_Exercise description:_
All of the lines below are to be transcribed faithfully, with pictures excluded from the copy.

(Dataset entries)
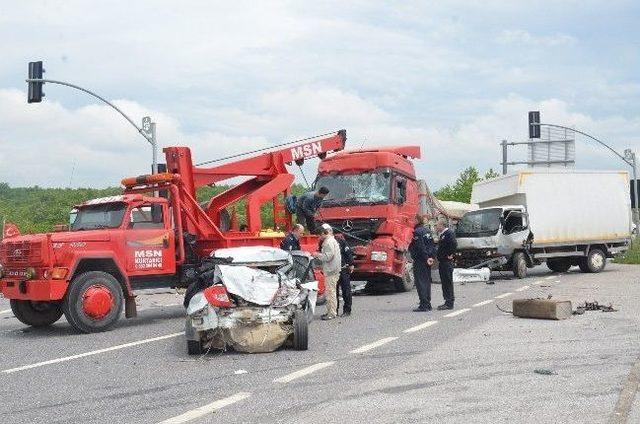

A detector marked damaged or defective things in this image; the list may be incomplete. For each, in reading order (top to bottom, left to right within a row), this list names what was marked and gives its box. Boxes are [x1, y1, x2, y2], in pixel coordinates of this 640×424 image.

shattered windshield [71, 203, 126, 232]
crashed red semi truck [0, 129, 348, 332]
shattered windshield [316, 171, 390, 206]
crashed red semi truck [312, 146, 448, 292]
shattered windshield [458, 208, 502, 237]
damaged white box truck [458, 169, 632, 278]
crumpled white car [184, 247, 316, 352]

_Task result:_
A detector marked damaged or defective things in this image; the list may be incomplete. For each, in reading order (top to bottom, left to right within a row), this list names what was marked and gives its box. Boxes are [x1, y1, x2, y2], in pixel coordinates of this 640×424 image.

shattered windshield [71, 203, 126, 232]
crashed red semi truck [0, 129, 348, 332]
shattered windshield [316, 171, 390, 206]
crashed red semi truck [312, 146, 448, 292]
shattered windshield [458, 208, 502, 237]
damaged white box truck [458, 169, 632, 278]
crumpled white car [184, 247, 316, 352]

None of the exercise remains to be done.